DO consider any special needs: Some might be hard of hearing, sight impaired or unable to get up long flights of stairs etc. Ensure any focus group venue is user friendly, and that, again, you allow enough time to go through questions slowly and have stimulus material in a readable size

DO give lots of reassurance: These days many of us are ‘marketing savvy’ and understand the concept of focus groups and research. But more elderly participants sometimes don’t, or may lack confidence and understanding of what you are after. So they can feel they aren’t providing the kind of riveting nuggets you’re looking for. In such cases it’s good to give lots of encouragement: ‘That’s really useful … that’s exactly what I’m interested in, thanks’ …

DON’T assume all over 50s are the same: There’s often a massive difference of opinion depending on life stage, upbringing and circumstance.
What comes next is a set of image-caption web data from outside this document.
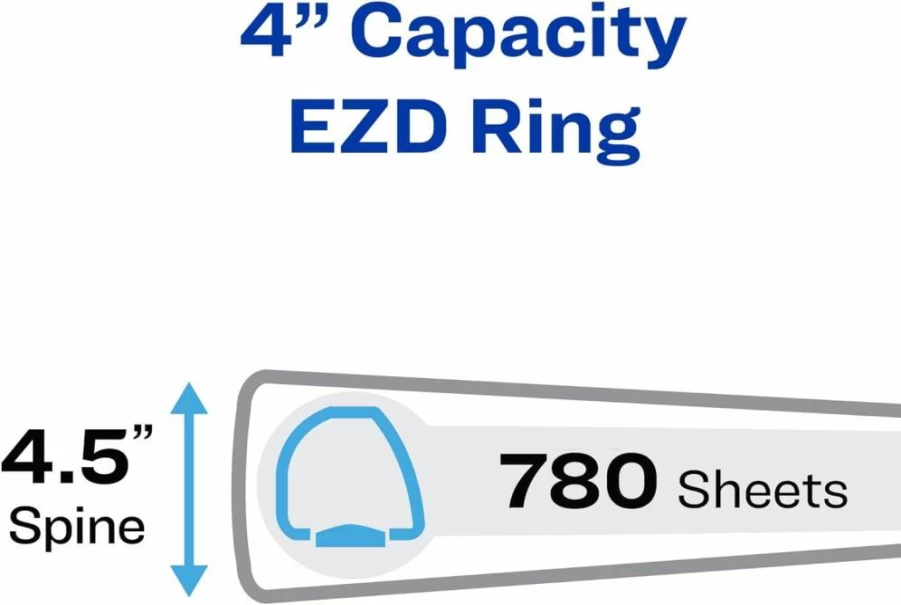 AVERY 1.5 Inch 3-Ring Binders with One-Touch EZD Rings, 12-Pack Green Heavy-Duty Binders, 400-Sheet Capacity, 2.1 Inch Spine, Customizable Clear Cover (Model 79108)
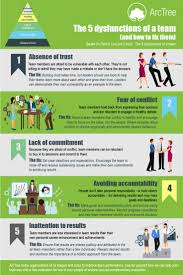 The 5 Dysfunctions Of A Team And How To Fix Them Workplace Business Leadership Development Team Building Team Leadership Team Development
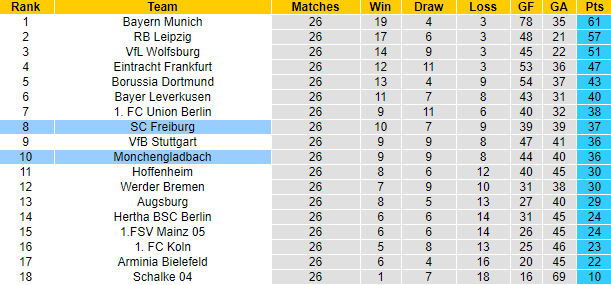 Dự đoán M'gladbach vs Freiburg, 1:30 sáng ngày 4 tháng 4 - Ảnh 5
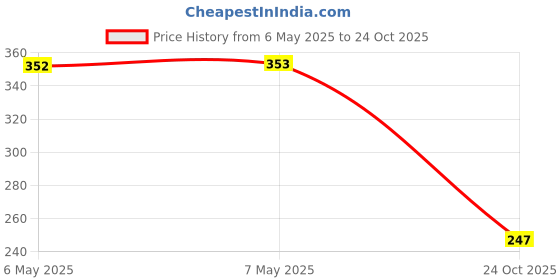 industrybuying.com COTO TECHNOLOGY Relay, Sip Spst 5V, 9007-05-01 coto technology Price History Graph from 6 May 2025 to 24 Oct 2025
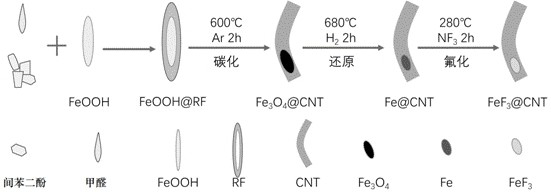 Synthesis method of carbon nanotube coated FeF3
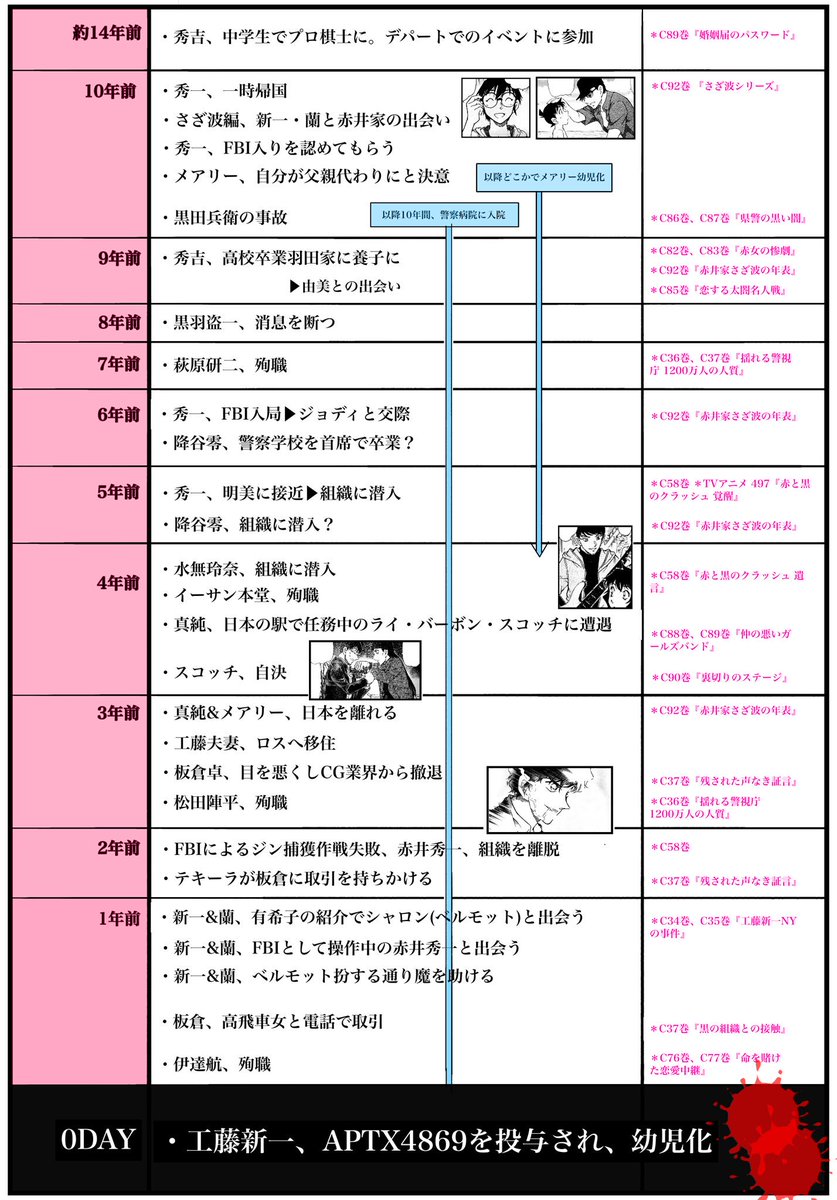 ヤノ Spr 05 Twitter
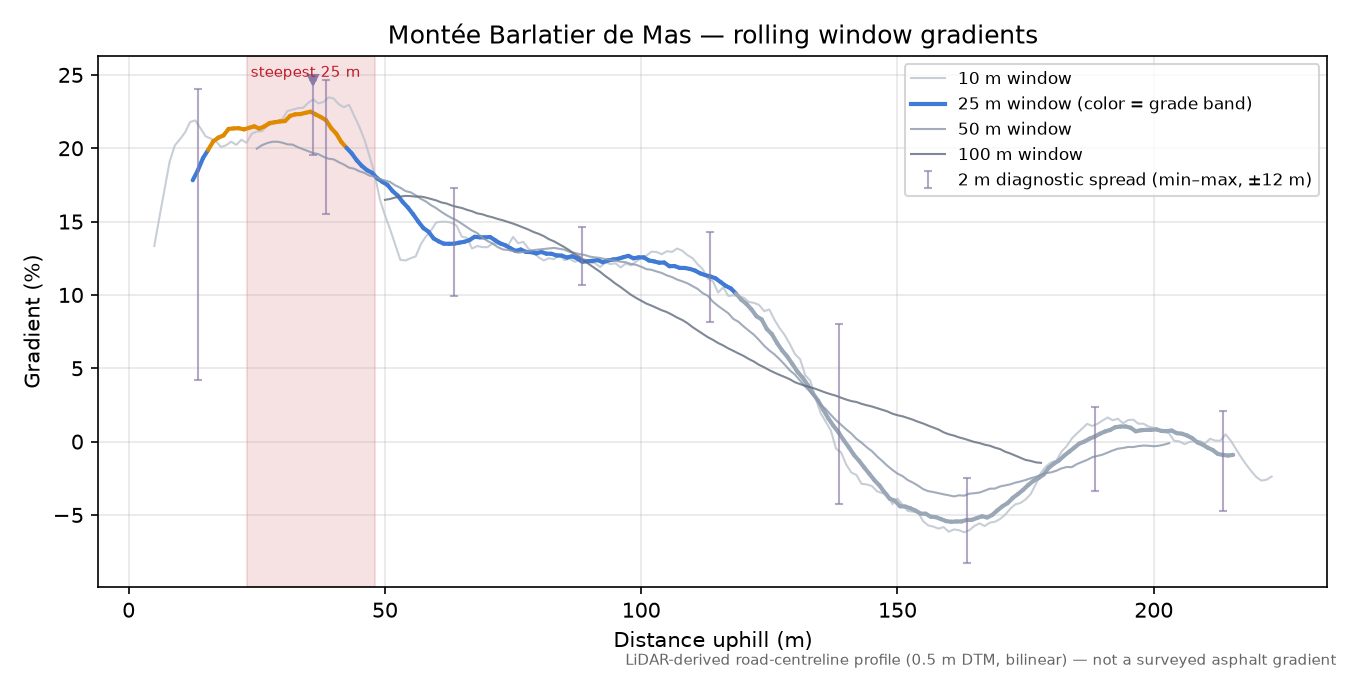 Montée Barlatier de Mas rolling gradient profile
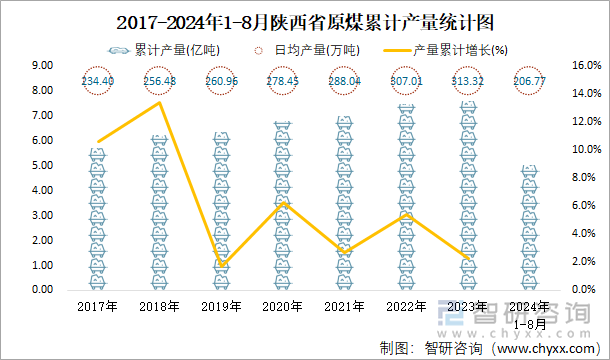 2017-2024年1-8月陕西省原煤累计产量统计图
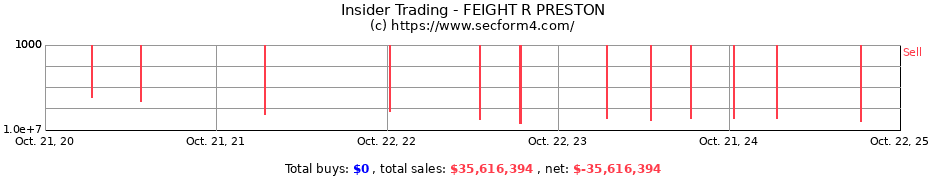 Insider Trading Transactions for FEIGHT R PRESTON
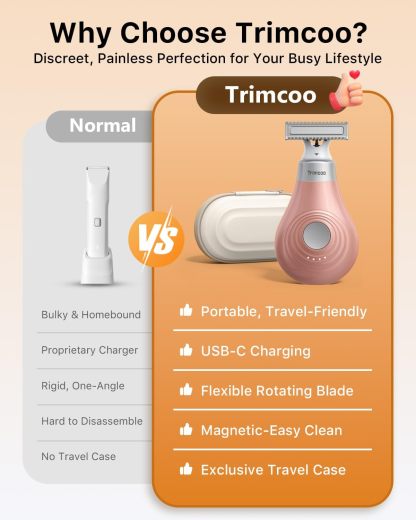 [2025 Upgraded] Body Hair Trimmer for Women [Small But Powerful] Painless Pubic Hair Removal, Waterproof Wet/Dry Bikini Line Shaver, USB-C Charging Electric Razor with Travel Case, Rose Gold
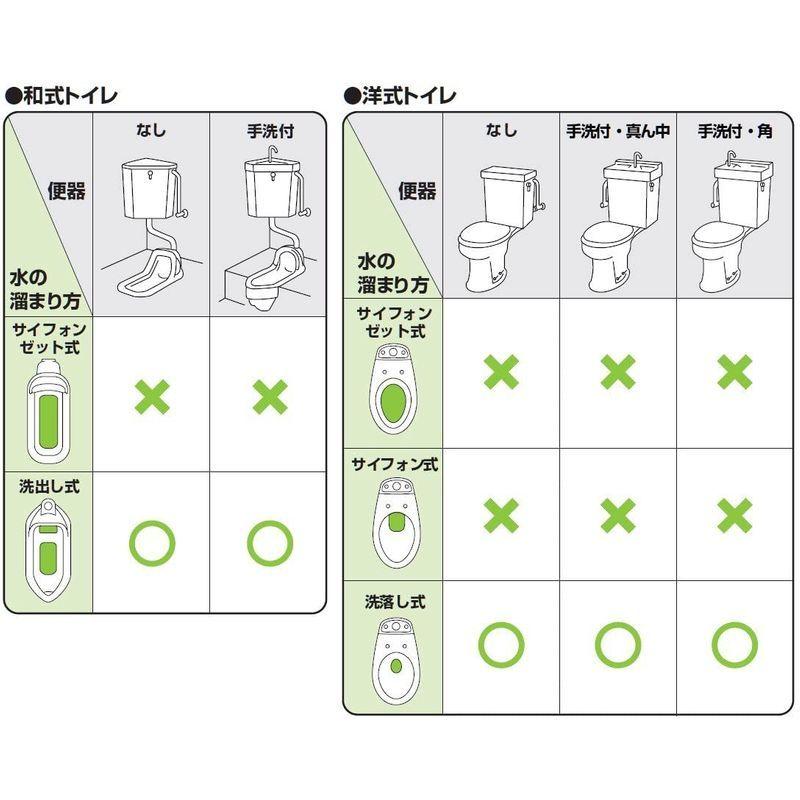 SANEI トイレ部品 ロータンクボールタップ 洗い落とし式便器用 SANEI トイレ部品 ロータンクボールタップ 洗い落とし式便器用
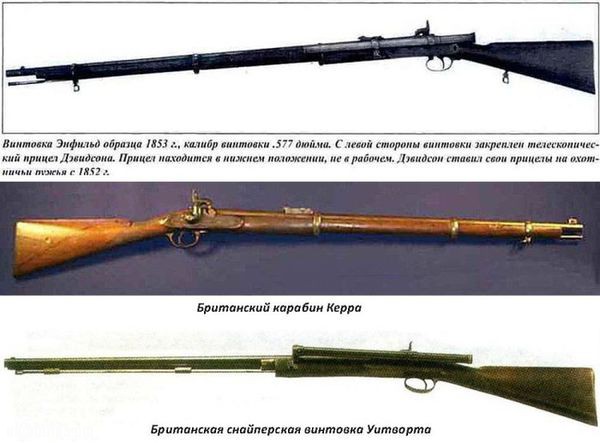 Что такое «берданка» или снайперы Дикого Запада винтовки, винтовок, Бердана, оружия, снайперов, винтовка, снайперы, оружие, армии, время, которые, очень, Бердан, своих, стрелки, войны, противника, только, прицелы, ружей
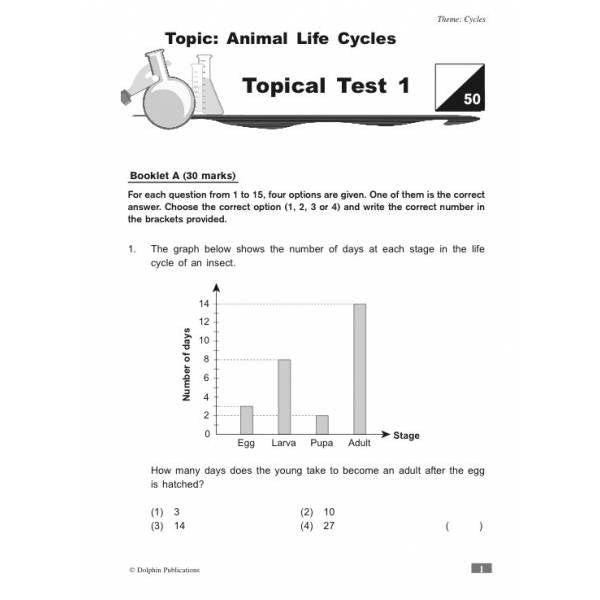 New Topical Science Practice Papers 4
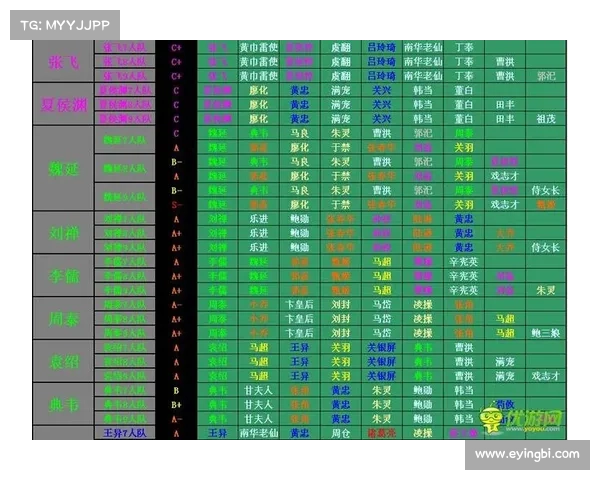 魏国曹操传1.8攻略;曹操传攻略百度文库：魏国风云录：曹操传1.8征战指南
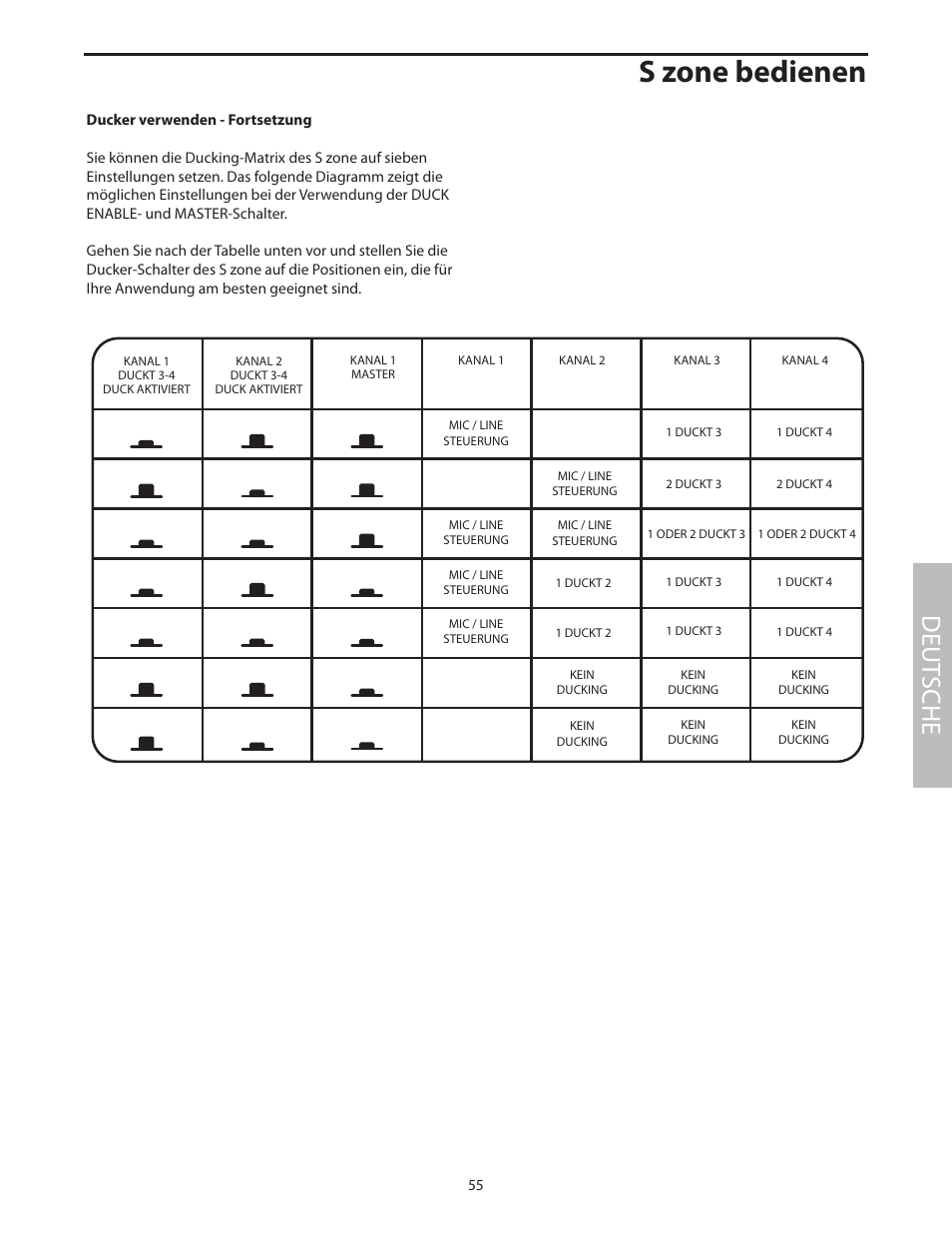 S zone bedienen, Deut sche | Samson SZONE 4 Channel/4 Zone Stereo Mixer User Manual | Page 59 / 108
Eg: an active retiree of 60 could well feel very differently to a 75 year old in poor health. So it’s important not to lump all over 50s together and assume they all have the same needs, yet this is often how a research project is designed. Instead your focus groups or range of interviews should factor in some different subsets by age and/or other important demographics depending on the subject.

DON’T ignore an important audience: While many older people are now confident internet users, an online survey can sometimes exclude an important subset of non-users. If considering online, decide whether it’s appropriate for your particular target audience, or if going this route alone may risk missing out a vital body of opinion. Sometimes a multi-mode approach can work well here.

Bearing in mind these tips should help you get the most from your market research. And if my shampoo makers are reading this, please take note, then I can hopefully enjoy a much better hair washing experience in the future!